▶ _Problem details_
Once the data has been read, restate all of it exactly.

▶ _Data excerpts_
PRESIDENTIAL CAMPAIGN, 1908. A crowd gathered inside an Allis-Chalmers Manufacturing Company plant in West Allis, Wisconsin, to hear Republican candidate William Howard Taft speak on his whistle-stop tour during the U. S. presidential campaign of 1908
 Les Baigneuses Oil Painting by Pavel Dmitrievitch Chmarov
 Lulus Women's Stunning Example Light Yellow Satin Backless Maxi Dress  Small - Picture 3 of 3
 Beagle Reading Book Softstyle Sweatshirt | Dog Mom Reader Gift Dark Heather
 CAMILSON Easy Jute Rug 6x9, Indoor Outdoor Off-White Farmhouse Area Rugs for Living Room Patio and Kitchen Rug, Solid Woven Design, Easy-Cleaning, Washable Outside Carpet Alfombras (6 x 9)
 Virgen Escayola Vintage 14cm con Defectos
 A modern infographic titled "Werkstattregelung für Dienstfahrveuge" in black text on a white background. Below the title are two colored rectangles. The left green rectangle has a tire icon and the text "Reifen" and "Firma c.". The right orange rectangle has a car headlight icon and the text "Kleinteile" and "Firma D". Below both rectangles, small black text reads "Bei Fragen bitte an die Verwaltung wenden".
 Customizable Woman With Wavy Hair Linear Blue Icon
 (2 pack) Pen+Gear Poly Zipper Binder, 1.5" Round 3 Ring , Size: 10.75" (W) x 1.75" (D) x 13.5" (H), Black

▶ _Answer box_
PRESIDENTIAL CAMPAIGN, 1908. A crowd gathered inside an Allis-Chalmers Manufacturing Company plant in West Allis, Wisconsin, to hear Republican candidate William Howard Taft speak on his whistle-stop tour during the U. S. presidential campaign of 1908
 Les Baigneuses Oil Painting by Pavel Dmitrievitch Chmarov
 Lulus Women's Stunning Example Light Yellow Satin Backless Maxi Dress  Small - Picture 3 of 3
 Beagle Reading Book Softstyle Sweatshirt | Dog Mom Reader Gift Dark Heather
 CAMILSON Easy Jute Rug 6x9, Indoor Outdoor Off-White Farmhouse Area Rugs for Living Room Patio and Kitchen Rug, Solid Woven Design, Easy-Cleaning, Washable Outside Carpet Alfombras (6 x 9)
 Virgen Escayola Vintage 14cm con Defectos
 A modern infographic titled "Werkstattregelung für Dienstfahrveuge" in black text on a white background. Below the title are two colored rectangles. The left green rectangle has a tire icon and the text "Reifen" and "Firma c.". The right orange rectangle has a car headlight icon and the text "Kleinteile" and "Firma D". Below both rectangles, small black text reads "Bei Fragen bitte an die Verwaltung wenden".
 Customizable Woman With Wavy Hair Linear Blue Icon
 (2 pack) Pen+Gear Poly Zipper Binder, 1.5" Round 3 Ring , Size: 10.75" (W) x 1.75" (D) x 13.5" (H), Black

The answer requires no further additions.